'Change the start position of cross hair matplotlib cursor example

The snapping cursor when plotted starts at (0,0) making my graph very small.

It's doing this

Instead of this

I think that the code is made so that initially the cross hair starts at (0,0), but I don't know how to change that.

The code for the Snapping Cursor (link here):

import numpy as np
import matplotlib.pyplot as plt

class SnappingCursor:
    """
    A cross hair cursor that snaps to the data point of a line, which is
    closest to the *x* position of the cursor.

    For simplicity, this assumes that *x* values of the data are sorted.
    """
    def __init__(self, ax, line):
        self.ax = ax
        self.horizontal_line = ax.axhline(color='k', lw=0.8, ls='--')
        self.vertical_line = ax.axvline(color='k', lw=0.8, ls='--')
        self.x, self.y = line.get_data()
        self._last_index = None
        # text location in axes coords
        self.text = ax.text(0.72, 0.9, '', transform=ax.transAxes)

    def set_cross_hair_visible(self, visible):
        need_redraw = self.horizontal_line.get_visible() != visible
        self.horizontal_line.set_visible(visible)
        self.vertical_line.set_visible(visible)
        self.text.set_visible(visible)
        return need_redraw

    def on_mouse_move(self, event):
        if not event.inaxes:
            self._last_index = None
            need_redraw = self.set_cross_hair_visible(False)
            if need_redraw:
                self.ax.figure.canvas.draw()
        else:
            self.set_cross_hair_visible(True)
            x, y = event.xdata, event.ydata
            index = min(np.searchsorted(self.x, x), len(self.x) - 1)
            if index == self._last_index:
                return  # still on the same data point.

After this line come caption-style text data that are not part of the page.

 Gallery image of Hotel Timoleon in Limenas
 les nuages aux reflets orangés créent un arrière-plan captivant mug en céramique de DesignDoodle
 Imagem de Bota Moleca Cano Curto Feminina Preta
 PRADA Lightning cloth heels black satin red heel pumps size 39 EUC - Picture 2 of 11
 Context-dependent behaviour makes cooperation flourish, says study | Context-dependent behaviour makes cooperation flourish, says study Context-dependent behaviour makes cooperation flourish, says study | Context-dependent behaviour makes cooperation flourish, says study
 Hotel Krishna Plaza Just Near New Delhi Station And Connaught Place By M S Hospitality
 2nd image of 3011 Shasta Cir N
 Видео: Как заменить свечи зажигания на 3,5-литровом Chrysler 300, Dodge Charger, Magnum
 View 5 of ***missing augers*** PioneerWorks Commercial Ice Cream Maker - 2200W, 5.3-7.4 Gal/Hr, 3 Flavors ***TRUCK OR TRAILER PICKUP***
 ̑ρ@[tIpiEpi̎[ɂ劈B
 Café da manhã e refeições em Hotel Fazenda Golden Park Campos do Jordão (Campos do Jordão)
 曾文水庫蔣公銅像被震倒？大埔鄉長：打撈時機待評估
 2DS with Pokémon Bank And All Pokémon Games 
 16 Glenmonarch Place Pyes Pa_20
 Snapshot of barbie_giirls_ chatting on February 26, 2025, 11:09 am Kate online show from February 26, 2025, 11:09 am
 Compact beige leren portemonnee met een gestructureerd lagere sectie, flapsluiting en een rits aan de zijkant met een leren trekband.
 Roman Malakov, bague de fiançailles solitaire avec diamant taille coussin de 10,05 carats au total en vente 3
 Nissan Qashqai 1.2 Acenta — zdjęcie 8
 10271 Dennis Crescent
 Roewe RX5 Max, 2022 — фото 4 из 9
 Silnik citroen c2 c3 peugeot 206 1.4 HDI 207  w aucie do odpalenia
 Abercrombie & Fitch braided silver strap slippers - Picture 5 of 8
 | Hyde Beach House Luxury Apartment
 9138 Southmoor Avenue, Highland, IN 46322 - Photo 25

Nothing to do.
            self._last_index = index
            x = self.x[index]
            y = self.y[index]
            # update the line positions
            self.horizontal_line.set_ydata(y)
            self.vertical_line.set_xdata(x)
            self.text.set_text('x=%1.2f, y=%1.2f' % (x, y))
            self.ax.figure.canvas.draw()


x = np.arange(0, 1, 0.01)
y = np.sin(2 * 2 * np.pi * x)

fig, ax = plt.subplots()
ax.set_title('Snapping cursor')
line, = ax.plot(x, y, 'o')
print(line)
snap_cursor = SnappingCursor(ax, line)
fig.canvas.mpl_connect('motion_notify_event', snap_cursor.on_mouse_move)
plt.show()


Solution 1:[1]

I think you have to set the initial position of the horizontal line. The __init__() should be:

def __init__(self, ax, line):
    self.ax = ax
    self.x, self.y = line.get_data()
    self.horizontal_line = ax.axhline(y=self.y[0], xmin=self.x[0], xmax=self.x[-1], color='k', lw=0.8, ls='--')
    self.vertical_line = ax.axvline(color='k', lw=0.8, ls='--')
    self._last_index = None
    # text location in axes coords
    self.text = ax.text(0.72, 0.9, '', transform=ax.transAxes)

That worked for me!

Solution 2:[2]

    self.horizontal_line = ax.axhline(y=1000,color='k', lw=0.8, ls='--')
    self.vertical_line = ax.axvline(x=2000, color='k', lw=0.8, ls='--')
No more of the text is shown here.